Russia’s abhorrent behavior in the Middle East includes supporting a Syrian regime that uses mass executions and chemical weapons on its own population. The roster of Russian journalists who have sought to expose the truth and have been killed for their efforts is horrifying. Of course, the United States is not beyond reproach when it comes to lives lost as a result of its foreign policy. But the abuses of the Russian state go far beyond the scope of recent American contraventions.
Crucially for Russia, confusion and disunity in U.S. politics provide an opportunity to push Moscow’s agenda onto the Western world. Sowing lack of faith in Western institutions allows Moscow to promote ideologies and processes that support its interests. These include support for authoritarian governments, ethno-nationalists, and for kleptocracies extracting resources for personal gain.

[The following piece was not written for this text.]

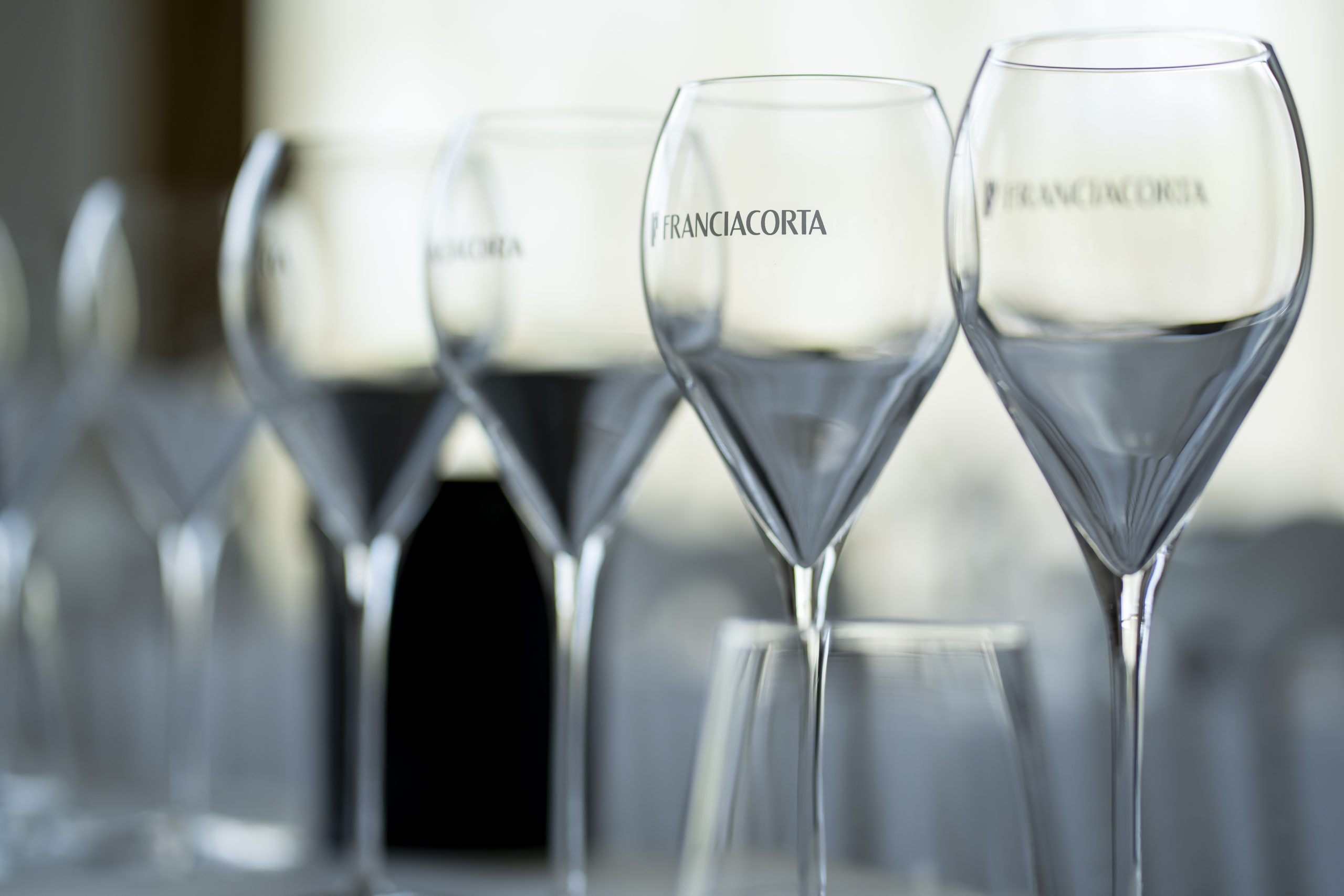 Tra grandi hotel, tasting esclusivi e lifestyle internazionale: così Franciacorta si prepara a fare il giro del mondo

All of these run directly counter to U.S. values. They go against our traditional conception of the Four Freedoms (freedom from want, freedom of worship, freedom from fear, and freedom of speech) articulated by President Franklin D. Roosevelt. You’d be hard-pressed to find another example of a country whose principle ethos runs so directly counter to the American project.
Why, then, can we no longer blatantly classify Russia as our enemy, given the litany of egregious examples of anti-democratic and anti-liberal behavior the country has imposed upon its own citizens and the rest of the world?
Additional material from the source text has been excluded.